Assignment – In the material below, the lines to reproduce exactly are the one containing "Chương 21 - Trang 30" and all lines after it through the last.

Data extract –

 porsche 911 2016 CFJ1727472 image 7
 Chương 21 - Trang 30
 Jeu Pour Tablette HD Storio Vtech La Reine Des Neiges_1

Result for this exercise –
 Chương 21 - Trang 30
 Jeu Pour Tablette HD Storio Vtech La Reine Des Neiges_1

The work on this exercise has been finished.